*WHAT YOU NEED TO DO*: The stretch from the line with "Step 1: Make" through the line with "I get 15 or" in the records below: write it out exactly, and nothing else.

*INPUT MATERIAL*:
◆ ◆ ◆
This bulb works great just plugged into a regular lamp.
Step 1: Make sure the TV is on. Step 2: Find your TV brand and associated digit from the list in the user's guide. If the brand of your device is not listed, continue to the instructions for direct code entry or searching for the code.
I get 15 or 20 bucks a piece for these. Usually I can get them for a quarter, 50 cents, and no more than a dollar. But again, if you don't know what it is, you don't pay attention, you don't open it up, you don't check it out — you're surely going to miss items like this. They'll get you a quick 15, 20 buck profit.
◆ ◆ ◆
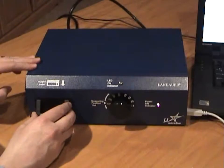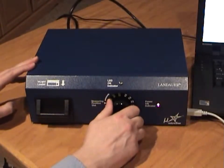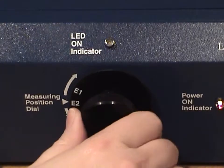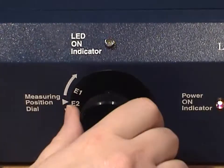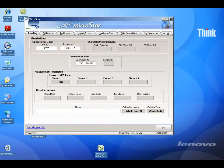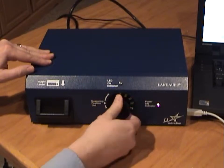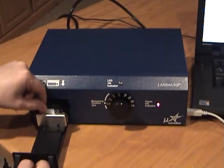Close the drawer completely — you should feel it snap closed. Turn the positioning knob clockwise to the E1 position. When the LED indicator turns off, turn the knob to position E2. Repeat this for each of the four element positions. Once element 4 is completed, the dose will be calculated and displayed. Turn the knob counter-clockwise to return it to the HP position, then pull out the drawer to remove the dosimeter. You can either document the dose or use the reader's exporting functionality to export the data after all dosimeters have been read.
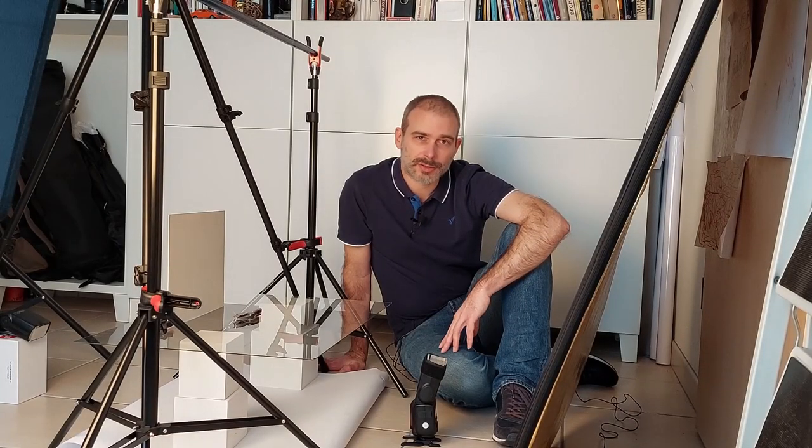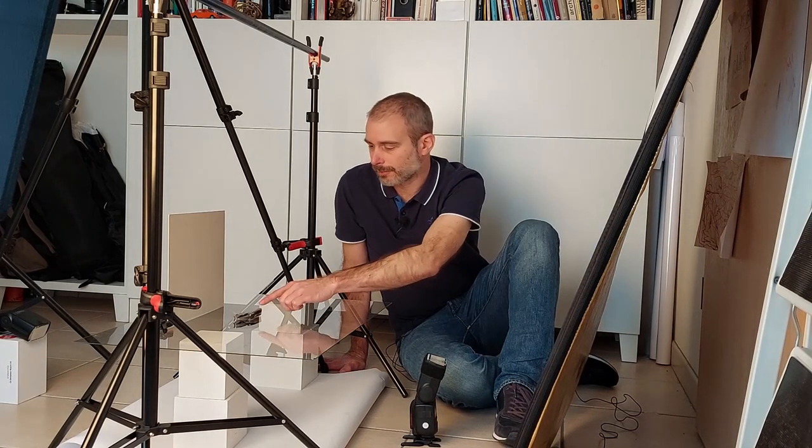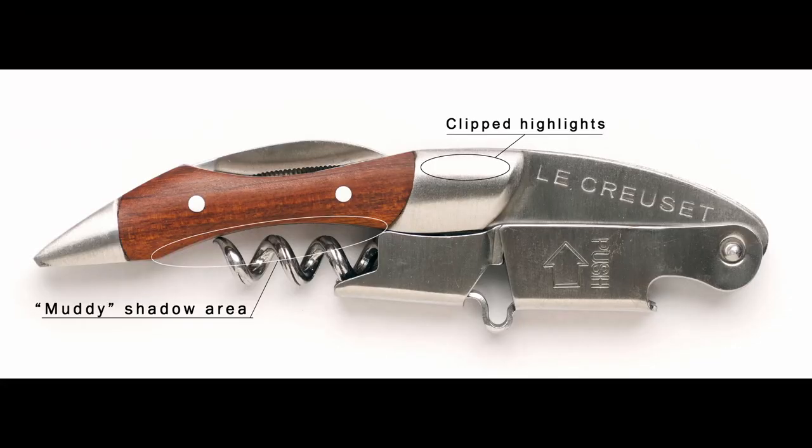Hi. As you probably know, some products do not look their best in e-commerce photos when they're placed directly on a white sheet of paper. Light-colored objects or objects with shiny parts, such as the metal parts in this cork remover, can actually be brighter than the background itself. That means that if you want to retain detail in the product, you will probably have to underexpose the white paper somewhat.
◆ ◆ ◆
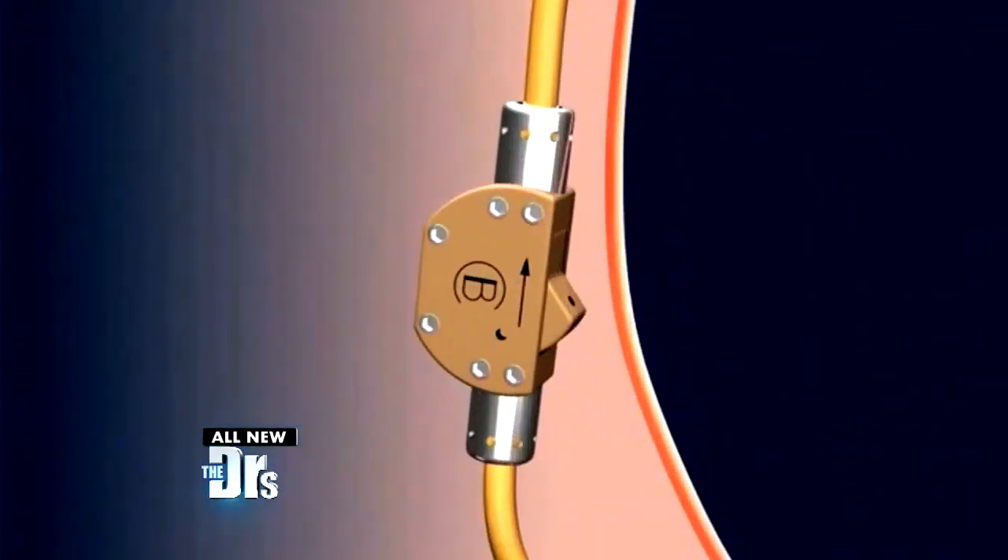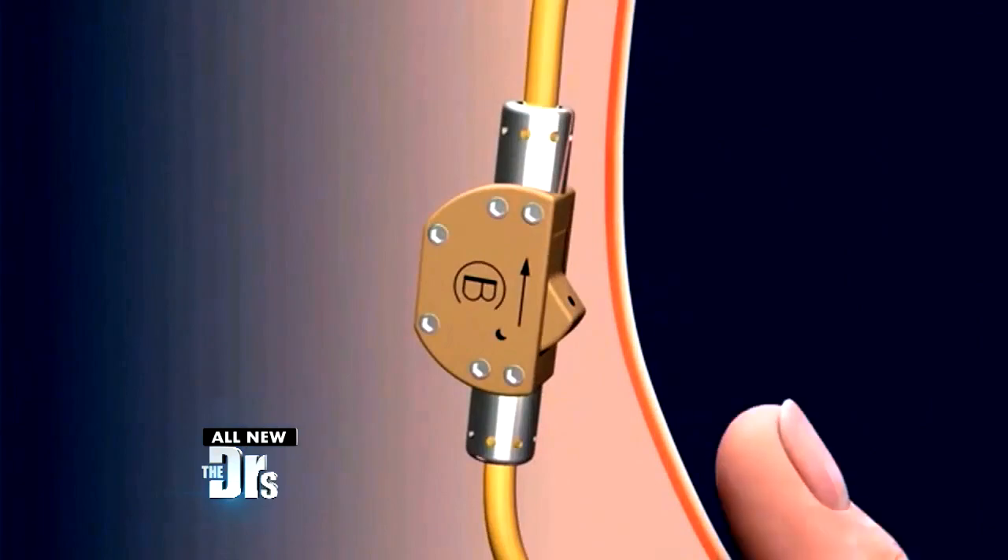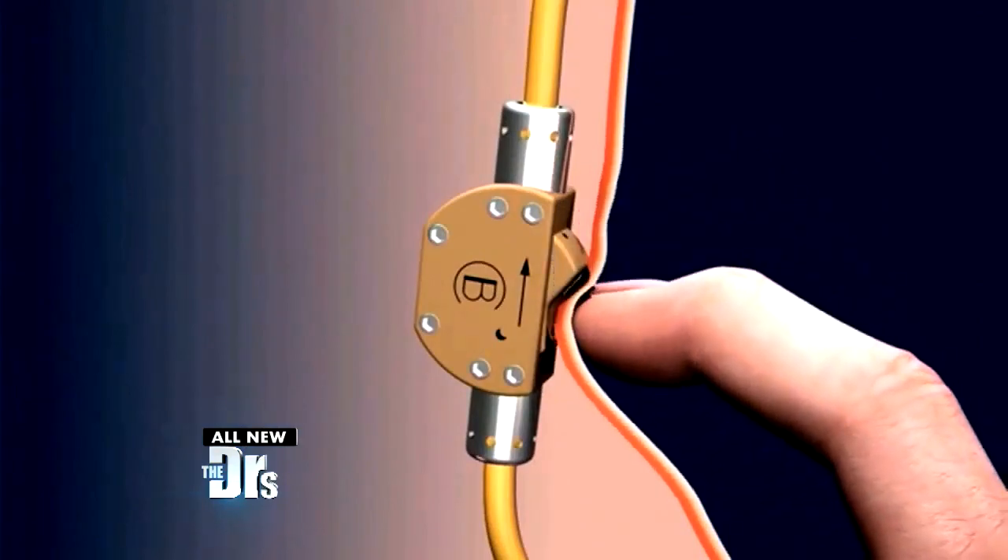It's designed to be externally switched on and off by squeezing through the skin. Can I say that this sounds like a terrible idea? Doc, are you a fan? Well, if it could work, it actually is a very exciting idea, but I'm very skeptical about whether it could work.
◆ ◆ ◆
*SOLUTION TO THIS EXERCISE*:
Step 1: Make sure the TV is on. Step 2: Find your TV brand and associated digit from the list in the user's guide. If the brand of your device is not listed, continue to the instructions for direct code entry or searching for the code.
I get 15 or 20 bucks a piece for these. Usually I can get them for a quarter, 50 cents, and no more than a dollar. But again, if you don't know what it is, you don't pay attention, you don't open it up, you don't check it out — you're surely going to miss items like this. They'll get you a quick 15, 20 buck profit.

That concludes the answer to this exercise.